Как их преодолеть? Можем ли мы тут надеяться на научный прогресс?

В. И.: Сегодня не сформулирован запрос на действительно большие открытия. Наш великий экономист Николай Кондратьев в свое время установил цикличность кризисов. И подсчитал, что большие открытия приходятся обычно на нижнюю точку цикла, когда уже иссякли все возможности прежней системы. Сейчас запроса на прорывы нет. Я бы определил состояние науки сегодня как засилье недообработанных и недоосмысленных фактов. Пока что многие почти доказанные теории и почти сделанные открытия проходят долгий «пищеварительный период», когда все перемалывается самой наукой и связанными с ней институтами. Я могу судить на примере своей научной области. Я много сейчас занимаюсь предысторией человечества, самой ранней, и здесь множество интересных результатов. Многое открывают генетики, кое-что – археологи, а мы, лингвисты, помогаем им. Я еженедельно получаю новости – и почти каждый раз есть что-то интересное. Но касается это в основном накопления экспериментального материала.

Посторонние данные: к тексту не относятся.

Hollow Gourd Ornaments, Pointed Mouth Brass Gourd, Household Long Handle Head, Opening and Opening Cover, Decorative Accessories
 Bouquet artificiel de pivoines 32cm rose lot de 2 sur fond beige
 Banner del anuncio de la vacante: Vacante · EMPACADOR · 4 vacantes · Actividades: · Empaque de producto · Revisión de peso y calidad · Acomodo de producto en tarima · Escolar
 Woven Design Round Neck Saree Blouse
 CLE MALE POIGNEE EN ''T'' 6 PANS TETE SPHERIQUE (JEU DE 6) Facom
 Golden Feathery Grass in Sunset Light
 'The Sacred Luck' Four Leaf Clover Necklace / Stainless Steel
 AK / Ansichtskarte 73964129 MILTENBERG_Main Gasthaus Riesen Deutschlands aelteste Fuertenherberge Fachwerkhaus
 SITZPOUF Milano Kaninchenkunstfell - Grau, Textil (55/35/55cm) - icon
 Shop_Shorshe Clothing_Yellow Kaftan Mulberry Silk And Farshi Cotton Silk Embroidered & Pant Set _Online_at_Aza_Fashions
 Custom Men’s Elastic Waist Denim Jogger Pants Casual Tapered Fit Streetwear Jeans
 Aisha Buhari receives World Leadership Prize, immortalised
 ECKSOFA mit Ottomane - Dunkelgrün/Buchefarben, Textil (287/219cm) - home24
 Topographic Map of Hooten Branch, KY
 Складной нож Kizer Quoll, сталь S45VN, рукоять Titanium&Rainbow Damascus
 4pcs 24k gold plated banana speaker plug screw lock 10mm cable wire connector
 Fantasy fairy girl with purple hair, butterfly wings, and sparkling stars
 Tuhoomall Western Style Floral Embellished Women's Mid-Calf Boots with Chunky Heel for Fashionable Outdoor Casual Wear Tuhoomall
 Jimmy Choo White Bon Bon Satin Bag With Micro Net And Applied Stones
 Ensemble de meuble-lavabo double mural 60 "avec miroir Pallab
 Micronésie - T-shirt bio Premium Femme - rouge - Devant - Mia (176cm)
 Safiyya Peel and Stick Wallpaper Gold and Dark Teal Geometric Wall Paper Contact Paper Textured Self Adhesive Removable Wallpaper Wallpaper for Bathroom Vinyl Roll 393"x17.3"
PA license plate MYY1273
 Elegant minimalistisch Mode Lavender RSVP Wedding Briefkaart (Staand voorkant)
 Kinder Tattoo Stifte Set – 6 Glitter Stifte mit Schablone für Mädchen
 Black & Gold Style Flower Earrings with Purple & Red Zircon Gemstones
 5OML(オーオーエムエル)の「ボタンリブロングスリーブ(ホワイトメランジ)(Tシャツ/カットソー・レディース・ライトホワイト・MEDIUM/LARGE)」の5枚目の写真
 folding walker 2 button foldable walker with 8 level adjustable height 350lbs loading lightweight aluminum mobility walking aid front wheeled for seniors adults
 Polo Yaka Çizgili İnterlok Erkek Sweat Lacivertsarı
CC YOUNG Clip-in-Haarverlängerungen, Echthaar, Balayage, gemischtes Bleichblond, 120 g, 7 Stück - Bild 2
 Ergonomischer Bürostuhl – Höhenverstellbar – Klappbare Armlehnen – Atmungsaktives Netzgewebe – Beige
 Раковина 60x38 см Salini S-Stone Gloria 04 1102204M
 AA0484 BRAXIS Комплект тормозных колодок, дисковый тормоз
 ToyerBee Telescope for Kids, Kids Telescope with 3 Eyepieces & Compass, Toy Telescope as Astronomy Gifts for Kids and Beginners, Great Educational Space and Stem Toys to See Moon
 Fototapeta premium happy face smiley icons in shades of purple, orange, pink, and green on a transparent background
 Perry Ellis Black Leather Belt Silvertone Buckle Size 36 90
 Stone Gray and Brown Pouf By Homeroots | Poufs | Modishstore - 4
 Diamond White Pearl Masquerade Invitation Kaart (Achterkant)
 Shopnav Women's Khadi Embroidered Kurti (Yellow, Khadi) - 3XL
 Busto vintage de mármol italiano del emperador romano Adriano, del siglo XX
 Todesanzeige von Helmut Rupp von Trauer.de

А само человечество развивается? Смог бы, скажем, древний грек прижиться в нашем мире?

В. И.: Думаю, смог бы. После некоторого курса адаптации он, наверное, разобрался бы, что к чему. Основные проблемы – глупости и ума, человеческих отношений – все те же. Сложности в технике, но ведь и мы с вами далеко не всегда с ней сразу управляемся. Вот у моей жены есть все эти айпады и айфоны, и я сам не очень в них разбираюсь, хотя и не древний грек... Так что не стоит преувеличивать продвинутость нашей цивилизации. Думаю, человечество вообще развивается медленно. При этом часто рывками – и не всегда вперед.

Почему?

В. И.: Эволюция – это вопрос мутаций. Но после того как они произошли, очень важно понять, что происходит с их носителями. Моя сестра была старше меня на 10 лет. И в детстве я знал ее компанию: очень умных и талантливых молодых людей, студентов МГУ. Войну не пережил практически никто из них. А самое ужасное в том, что не родились и их дети. Мы потеряли два поколения: тех, кому в 1941-м было двадцать с небольшим, и тех, кто мог бы у них родиться и определять жизнь страны в 1960-е. Когда после войны я приехал в Польшу, то был поражен. Конечно, там были свои несчастья – мы все это знаем, – и все же Польша потеряла во время войны несопоставимо меньше людей. И вот я увидел целые поколения, которых не было у нас. Потом как раз эти люди сделали «Солидарность».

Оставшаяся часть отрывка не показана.